▸ **Data**:
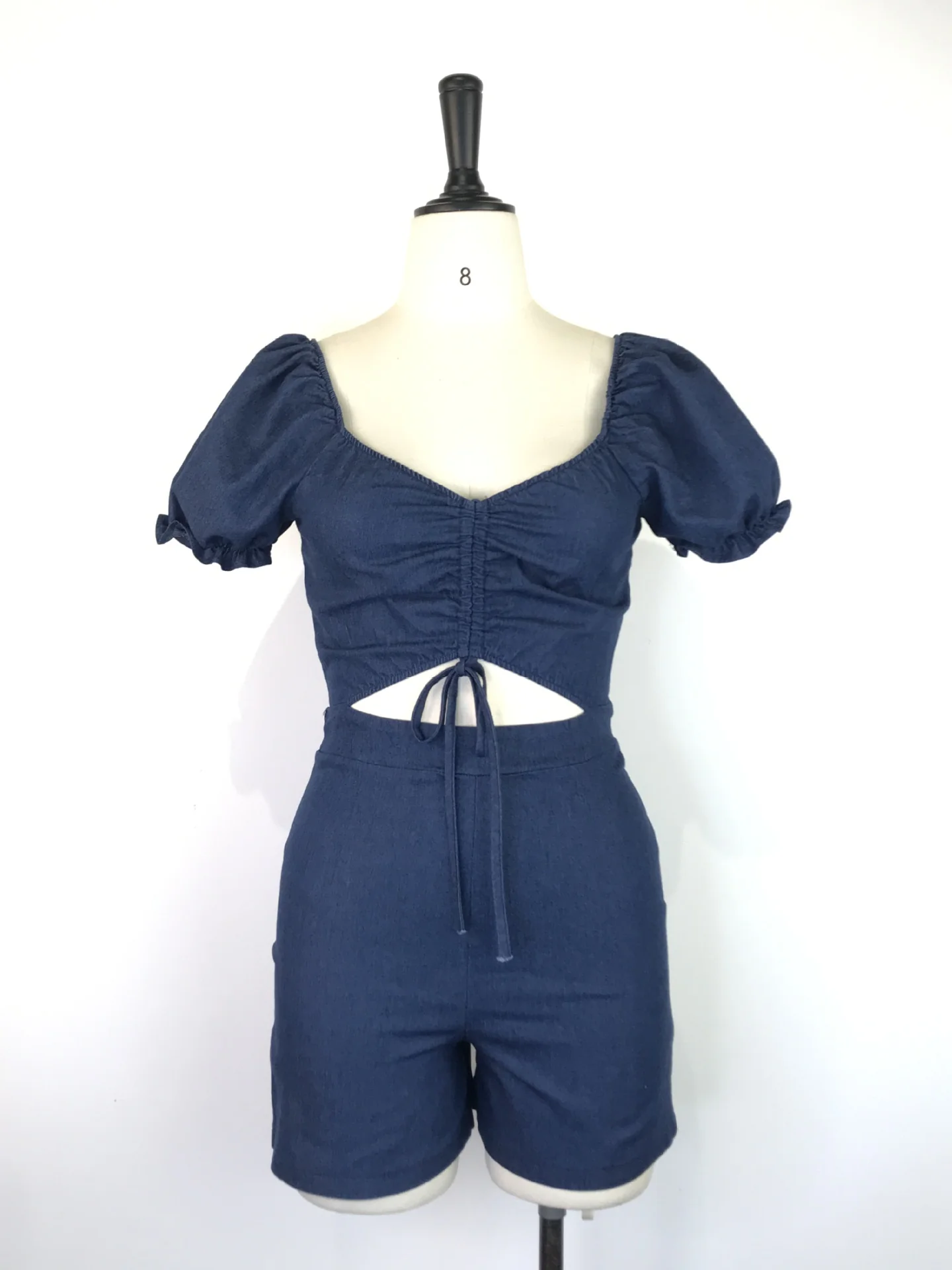 Woman Romper Short Jeans Jumpsuit for Women Cute Strings Out Denim Short Jumpsuit Short Sleeves 2022 Women Jumpsuit Jeans - Image 8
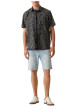 Thumbnail Chemise en coton bleu marine à imprimé floral avec une coupe droite - Image 5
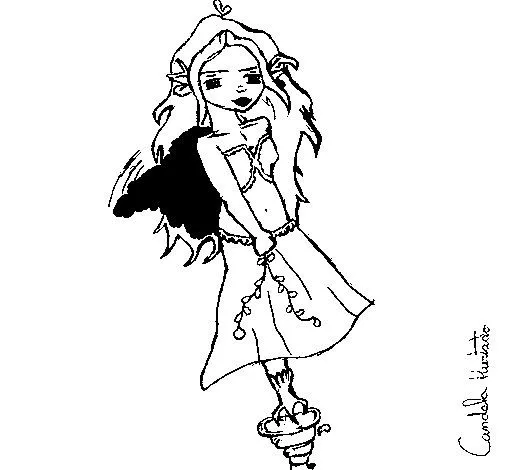 Dibujo de Hada 2 para Colorear - Dibujos.net Dibujo de Hada 2 para Colorear - Dibujos.net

▸ **The task**:
Give back all the material exactly, with no pictures.

▸ **Solution**:
 Woman Romper Short Jeans Jumpsuit for Women Cute Strings Out Denim Short Jumpsuit Short Sleeves 2022 Women Jumpsuit Jeans - Image 8
 Thumbnail Chemise en coton bleu marine à imprimé floral avec une coupe droite - Image 5
 Dibujo de Hada 2 para Colorear - Dibujos.net Dibujo de Hada 2 para Colorear - Dibujos.net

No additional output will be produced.